The other day I responded to Platt by saying that we are not as free as we
think we are.

Surely this is not the forum to discuss current goings-on in the US, but I
have written to my senators (both of whom happen to be Republicans) and
received very unsatisfactory responses.  I guess in my frustration I desire
to have my voice heard somewhere.

At some point during the 9 years of my absence was there ever a time when
the fad of writing "This I Believe" essays swept through MoQ Discuss?  If
so, I missed it.

I miss the news.  I mean actual NEWS that provides information.  The current
Fox vs MSNBC mudslinging is tearing the country apart.  This is ugly stuff
and detrimental to making any kind of forward progress.  I suppose it has
entertainment value since everyone enjoys watching things that reinforce
their belief system.

If you turn on a TV in the United States today you are bombarded with
arguments designed to arouse fear.  News has become commentary interspersed
with commercials laced with innuendo and specious 'facts'.  If it is true
that the majority of Americans cannot explain the meaning of a health-care
public option, who's fault is that?  Isn't it the job of news organizations
to convey information?  I used to believe that a free and independent press
was a foundation of democracy, but now we are seeing the denouement.  The
press is not free when it exists only to return value to its corporate
shareholders.  Should the worth of a news organization be directly
proportional to its stock price?  To those who would argue that government
is the problem, I would suggest that corporations are the problem, and that
even though I agree our government is no where near perfect, I would point
out that it is the only thing we have standing between us and corporate
greed.

I cannot believe I am saying this, but I long for the days of William F.
Buckley, Jr.'s conservative "Firing Line".  How I turned out to be a liberal
is a mystery, given that "Firing Line" was required weekly viewing in my
childhood household, but maybe not so much of one, because I recall Mr.
Buckley behaving much more like what we would call a moderate today than a
rabid conservative.  He did not stick strictly to a party line, and
entertained guests of all persuasions - and he gave them a chance to speak
their mind without chopping them off mid-sentence to go to commercial.  What
an amazing show.  We did not then appreciate what we had.  All this is an
impossibility today.

There is a fundamental law that should be self-evident to anyone wishing to
persuade.  You do not do so by insulting the intelligence of other party.
Our current "debate" about health care in the United States is the farthest
thing from true debate there is.  Due to the grandstanding and
insult-hurling that is now passing for debate, the nation is completely
polarized, and no one is coming forward to bring sanity to the situation.

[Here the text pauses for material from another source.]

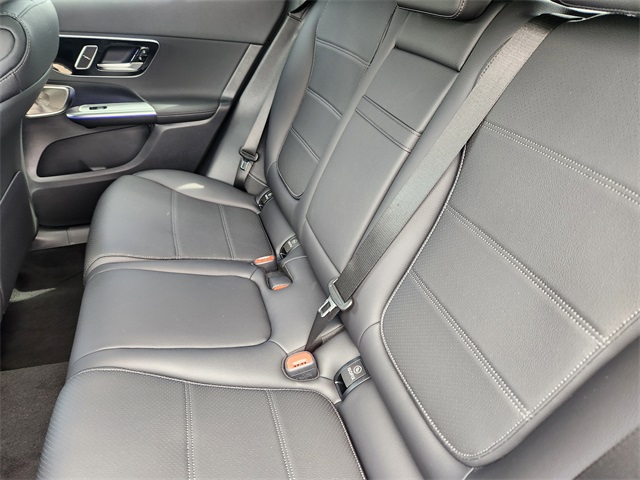 2026 Mercedes Benz GLC 350e 4MATIC photo 11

Do you know how true agreement is achieved?  It is my belief that the
fundamental requirement is an ability to understand the other side.  When
your opposition says something seemingly illogical to you, instead of
crowing about it and attempting to humiliate them, your job should be to try
to understand where they are coming from.  This serves two purposes.  On one
hand, you may actually gain an understanding of their position that you did
not have before, and this might cause you to alter your own, and on the
other hand, by forcing them to explain themselves, they will be forced to
delve deeply into their beliefs, and may change their view once they have
gone through the exercise of examining it.  In either case, and I don't care
which, something better will always come of it.

Did it ever occur to liberals that when a conservative says they are afraid
of losing what health-care coverage they've got, the correct response is not
to deride them for being selfish, but to respectfully examine that concern?
Maybe they are right, and even if they aren't, they believe they are, so
your task should be to find a way to allay those fears rather than simply
cast aspersions.

This is a mess.  Not a true essay at all.  I actually have two points I am
trying to make rather than just one as should be addressed in a proper
essay, and they are both interwoven in a very unsatisfactory way in my
mind.  I should edit, edit, edit, and know that, but I am not going to.
Given this group of distinguished thinkers, I'm going to just throw it out
there knowing my points will be understood no matter how poorly I string
them together.

Thanks for listening,
Mary
The most important thing you will ever make is a realization.